How an international team made an augmented reality detective game

Funbakers - a studio with team members based in Ireland - have just released 'Silent Streets'

How an international team made an augmented reality detective game

Silent Streets. Image: Funbakers

With the release of Pokémon Go last summer, augmented reality games finally hit the mainstream.

Although there had been AR games before the prospect received a coat of Pikachu-themed paint (indeed, Pokémon Go is heavily based on developer Niantic’s own cult hit Ingress), last year’s smash hit was the one that persuaded millions of the appeal of a virtual world linked with the real one.

It shouldn’t need to be said that there’s a whole lot of potential in the concept of AR beyond Pokémon.
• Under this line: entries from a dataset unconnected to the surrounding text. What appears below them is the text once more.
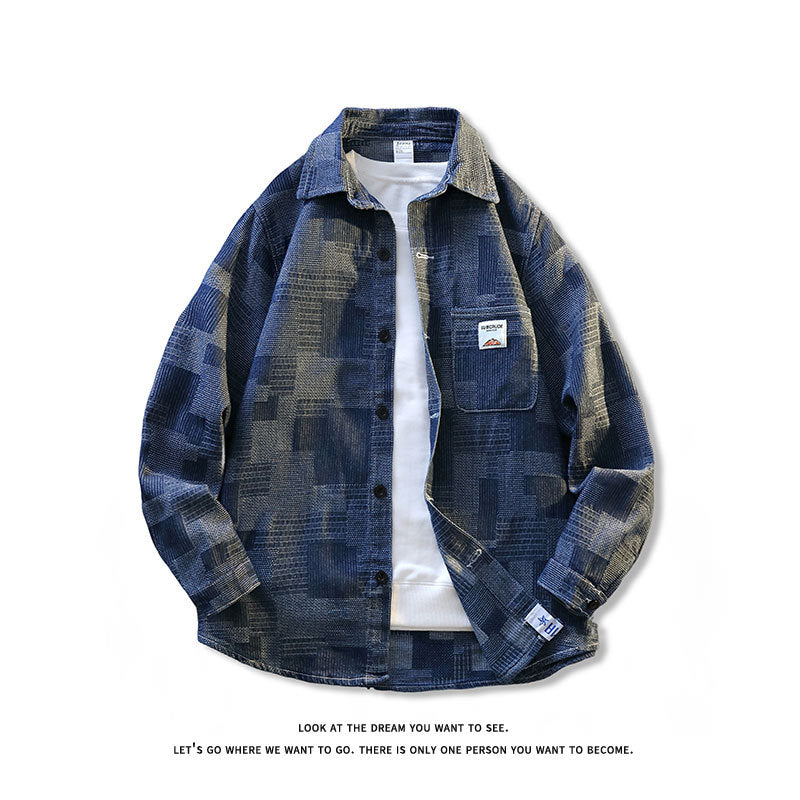 Herren Strukturierte Overshirt‑Hemdjacke aus Cord mit aufgesetzter Brusttasche Nord Taschen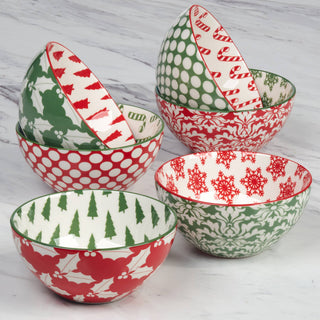 Certified International Winter Medley Christmas bowls set with festive red and green holiday patterns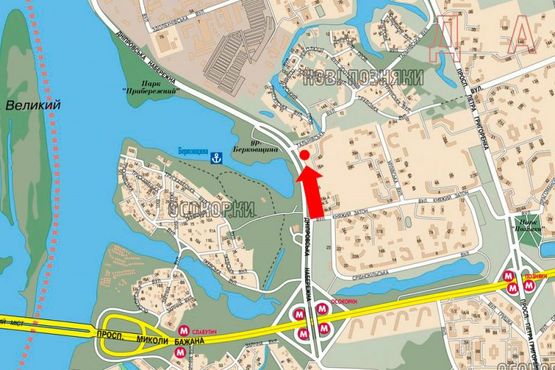 Схема рекламной плоскости по адресу Днепровская Набережная / Тальневская ул., в сторону мост Патона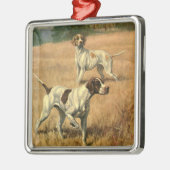 Vintage Tiere, englische Hunde auf Zeigerjagd Silbernes Ornament (Links)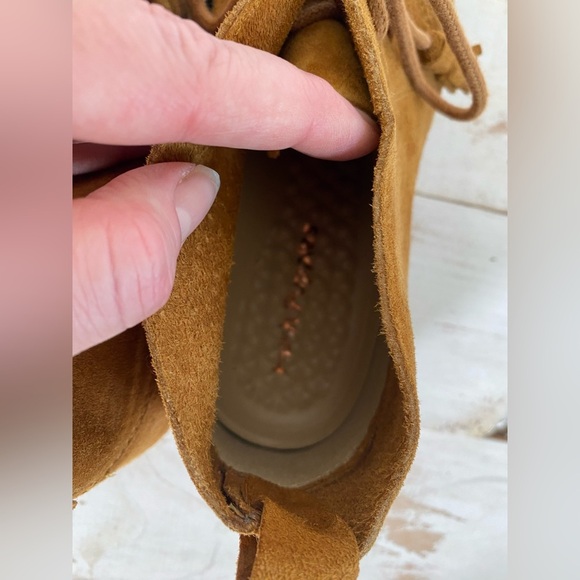 HUSH PUPPIES brown suede leather boots size 9 booties Cyra Catelyn EUC vintage - Picture 10 of 12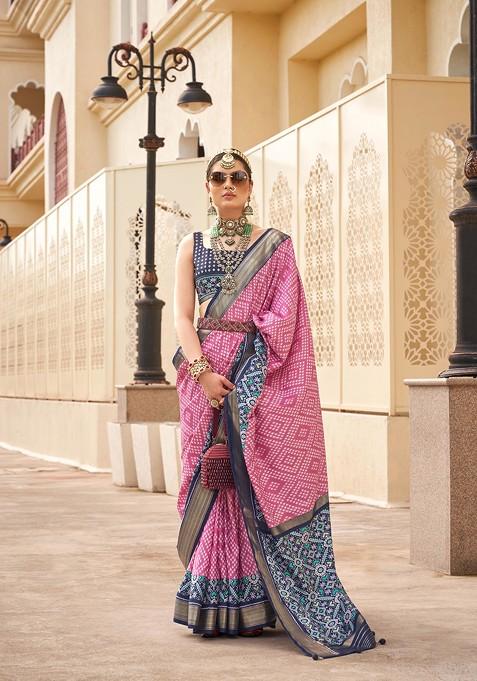 Pink Printed Woven Saree Set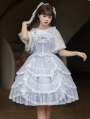 Light Purple and White Drawstring Lace Overlay Classic Lolita JSK Dress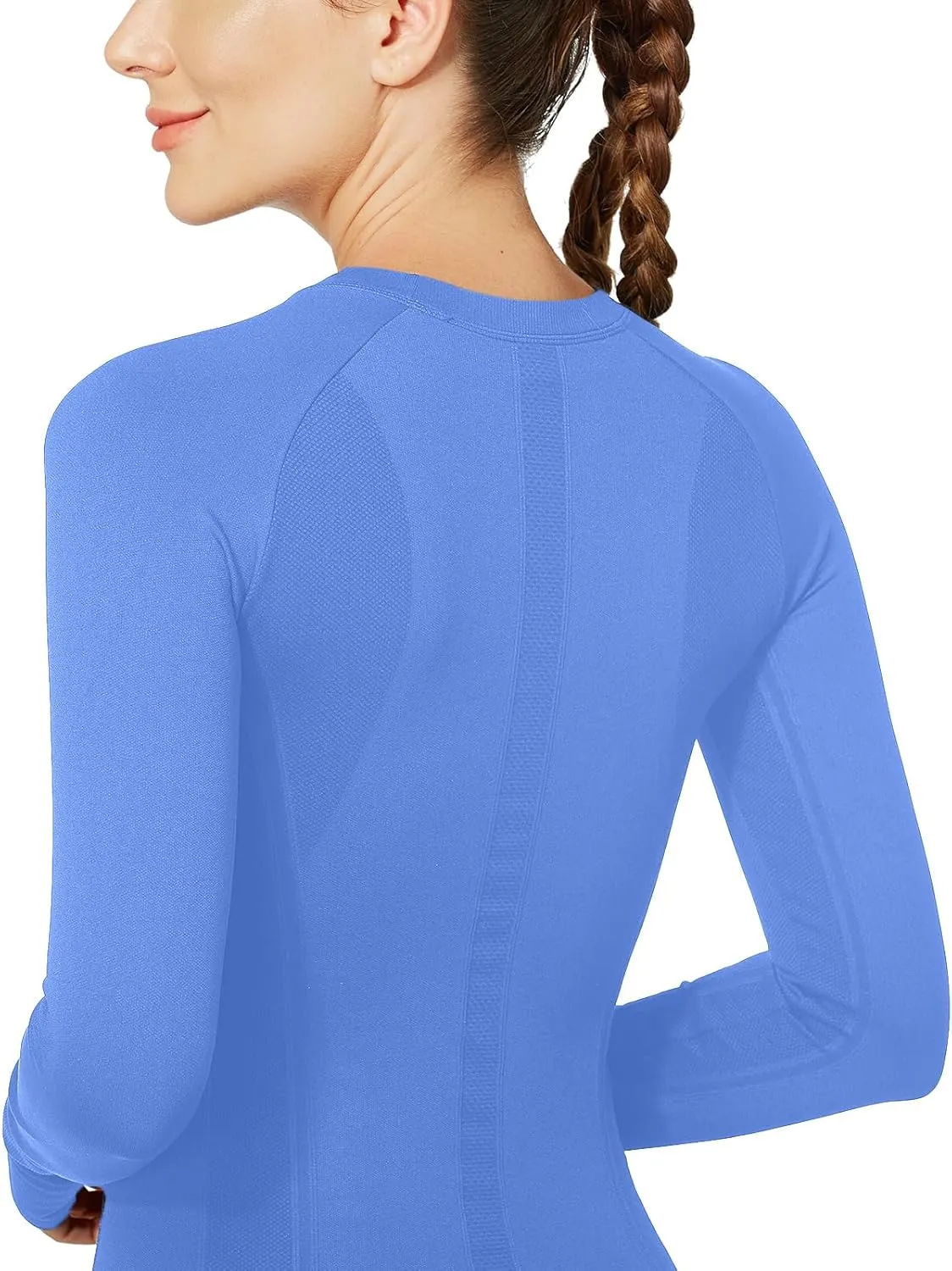MathCat Workout Shirts for Women Long Sleeve, Workout Tops for Women, Quick Dry Gym Athletic Tops，Seamless Yoga Shirts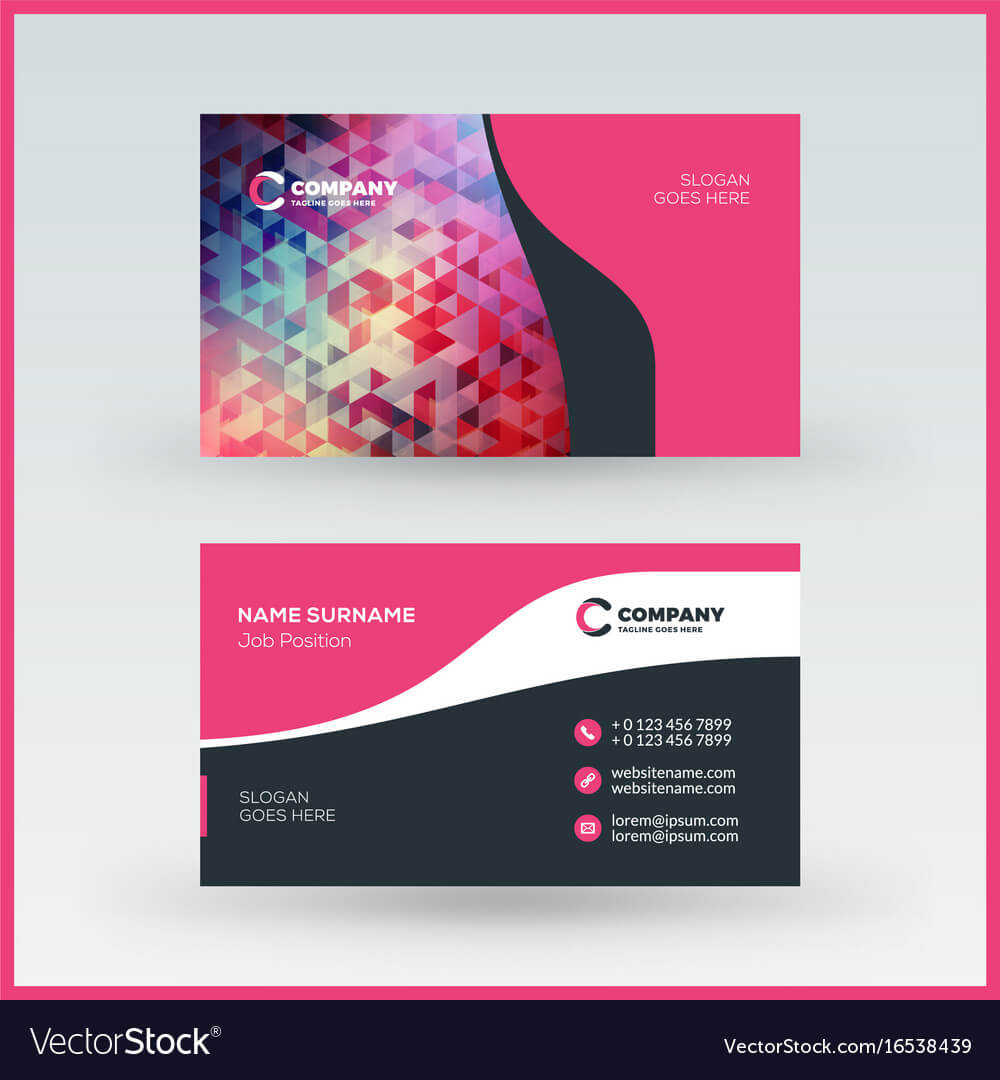 Double Sided Horizontal Business Card Template Within Advertising Card Template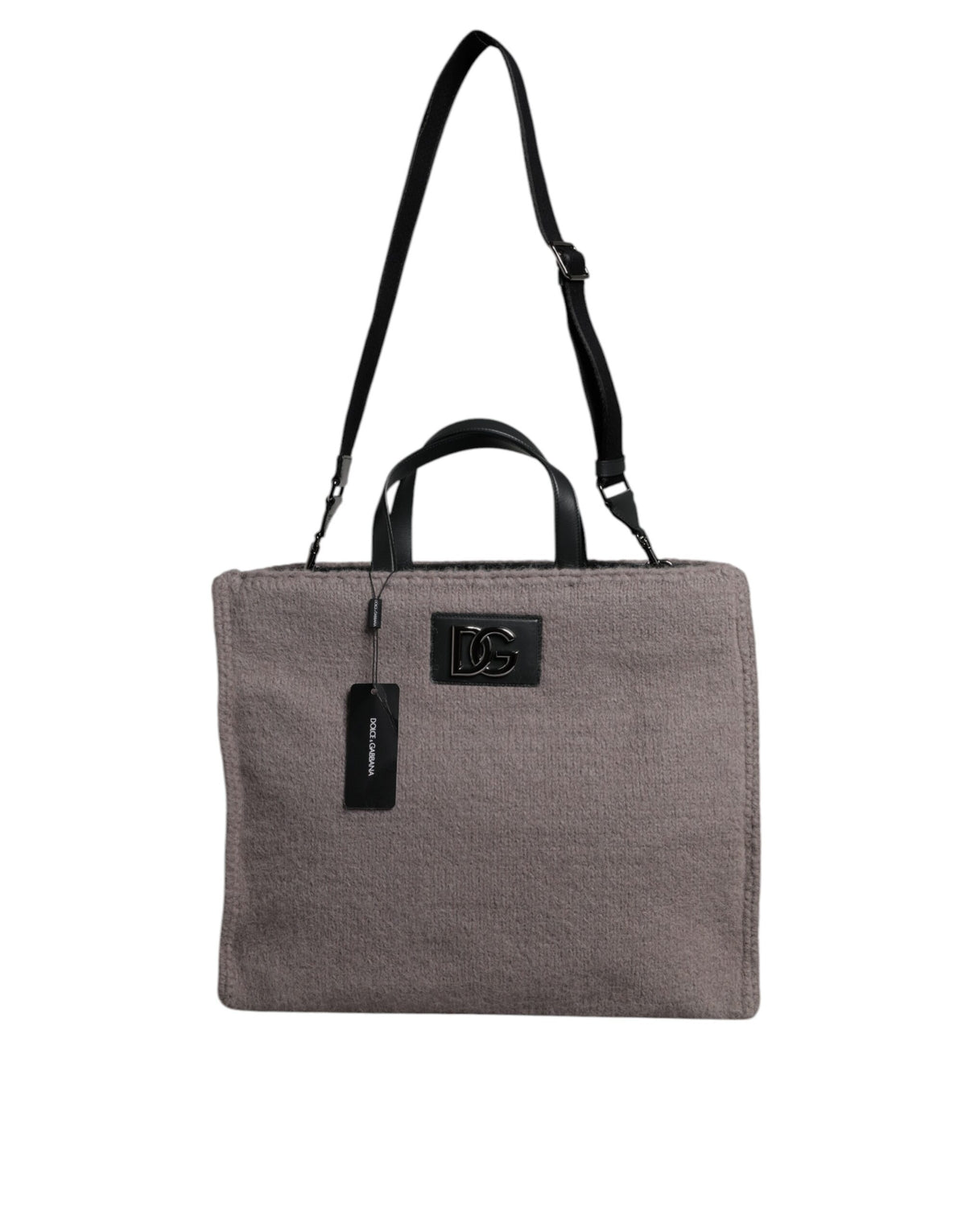 Dolce & Gabbana Grey Alpaca Wool Logo Plaque Tote Shoulder Men's Bag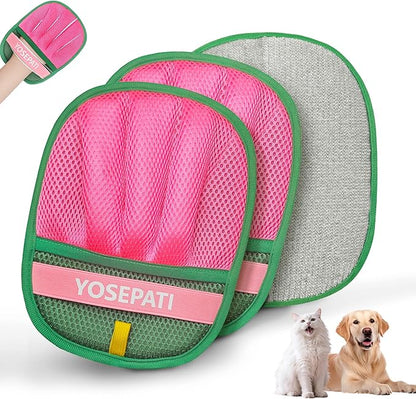 2 Pack Magic Brush Pet Hair Removal Gloves for Cat & Dog, Ectrostatic Five-Finger Fur Remover, The Magic Brush Pure Path Grooming Remover Glove for Laundry, Carpet & Car Seat (Green & Pink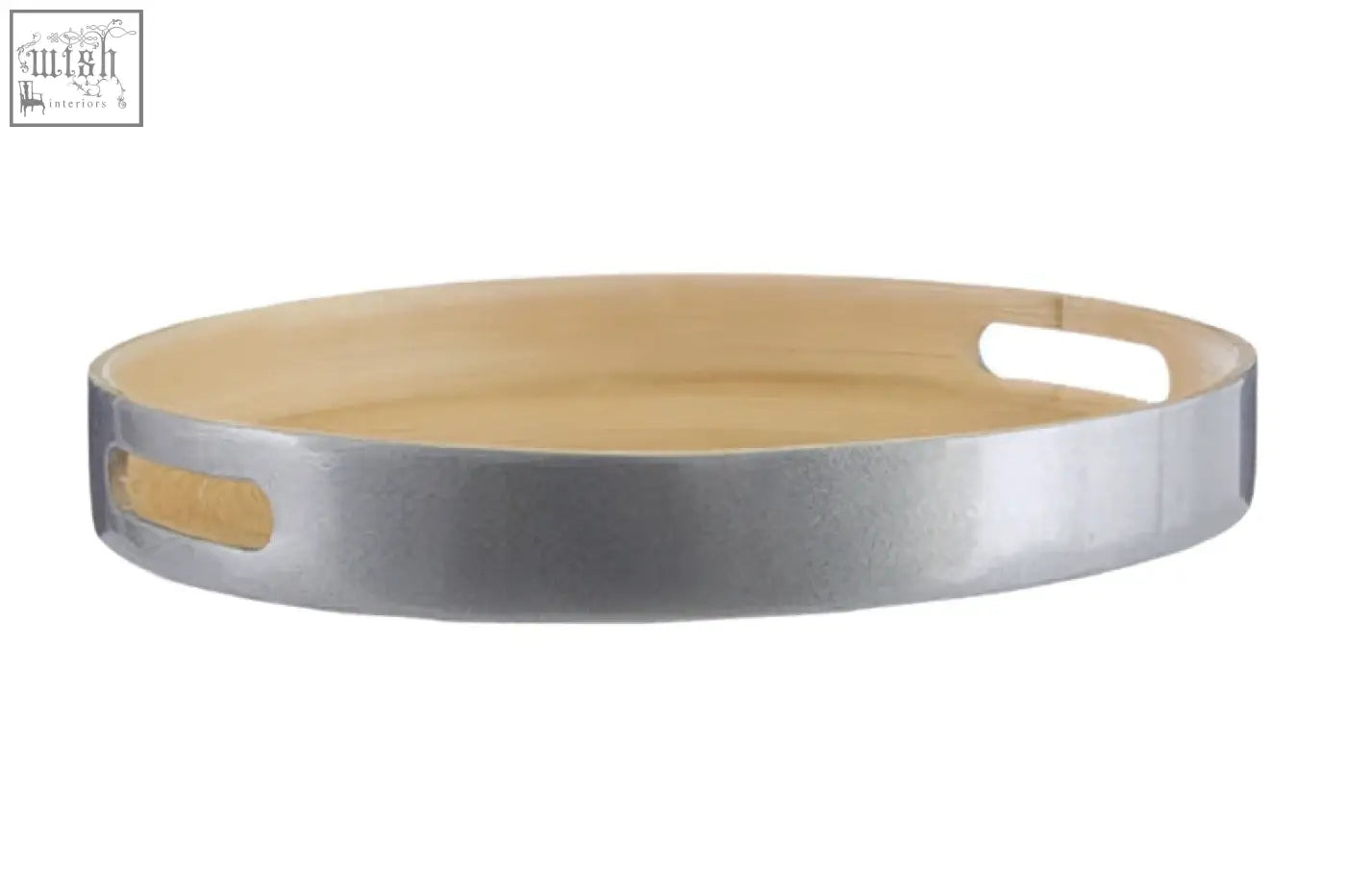 Silver finished small silver tray with natural wood interior and two side handles ideal for serving and decor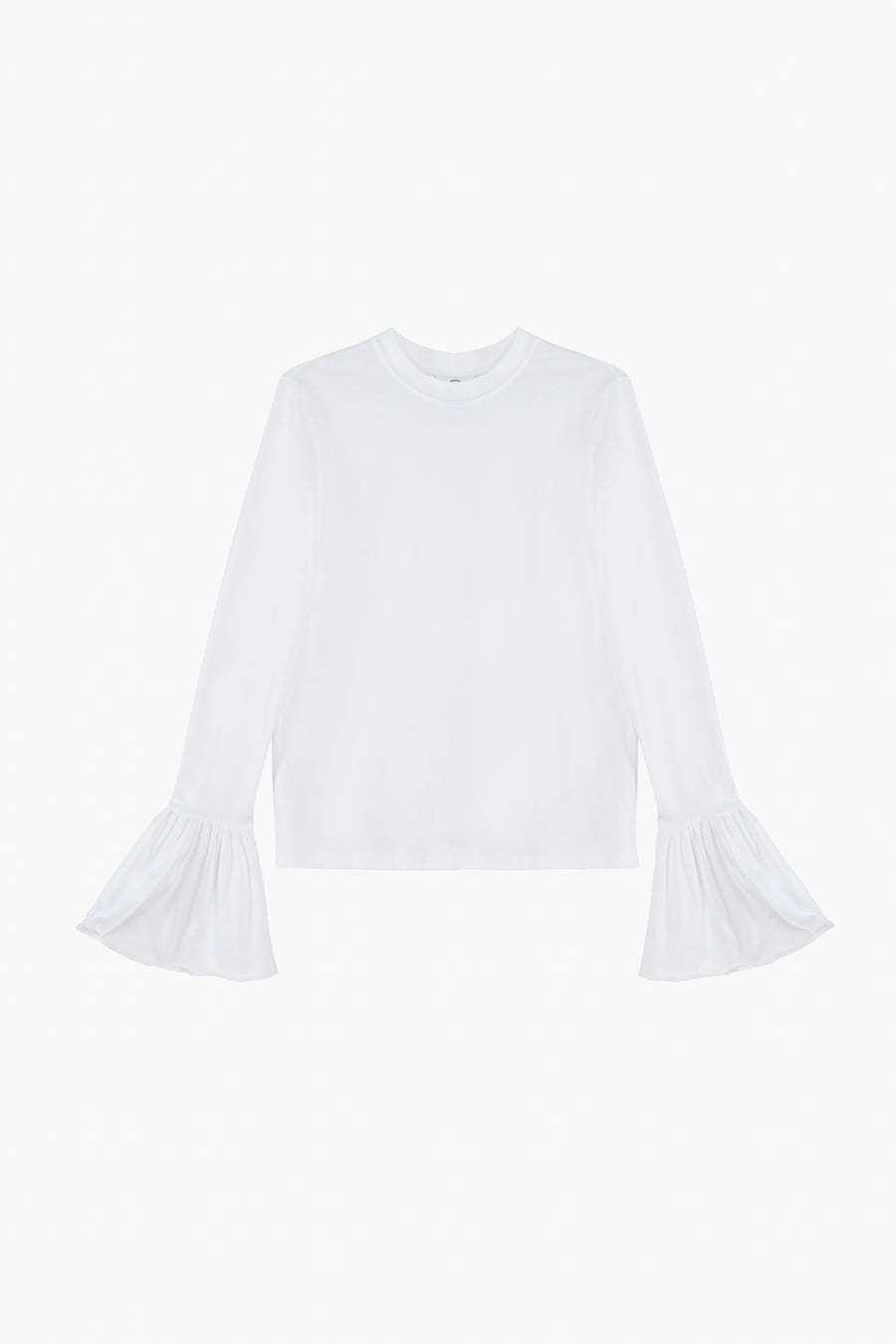 Ruffled Long Sleeve Stretch-cotton Jersey T-Shirt in White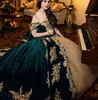 Hunter Green Vestidos De Anos Quinceanera Kleid Perlen Gold Applikation Spitze Kristalle Diamanten Mexi Kleid für 15 Jahre Geburtstag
Cameras and location-based play open up plenty of avenues worth exploring, and as the technology improves so too will the games.

One studio with a novel approach to augmented reality play is Funbakers, who have just released their AR title Silent Streets for iOS and Android. What makes the game particularly interesting is the way it marries modern technology with classic storytelling.

The game is set in the fictional Victorian town of Snowport. You play a detective who arrives in town, and quickly finds himself embroiled in a murder mystery.

Looking at some screenshots, you would be forgiven for thinking this is a relatively traditional affair - much of the story is communicated through (gorgeous) static art, voiceover and text.

The writing is unusually strong and characterful (episodes boast intriguing titles like The Devil’s Zoetrope), and you are typically given multiple choice options to advance conversations. When you find yourself in certain spaces, you are tasked with searching the environment for clues - which you can then present to others in a bid to solve the various mysteries that emerge.

It is, basically, a good old-fashioned detective story. Not long after booting up the app, however, the AR-elements kick in.

An augmented reality

When searching an environment for important objects, you can use your phone’s camera to find the items in the ‘real world’. If you decide to travel to another area of the city, you have to physically walk a prescribed distance (don’t worry - the step counts are modest). This can be done in the background, so you don’t have to keep staring at your phone while you’re walking about (those pesky safety concerns that were raised about Pokémon Go don't apply here).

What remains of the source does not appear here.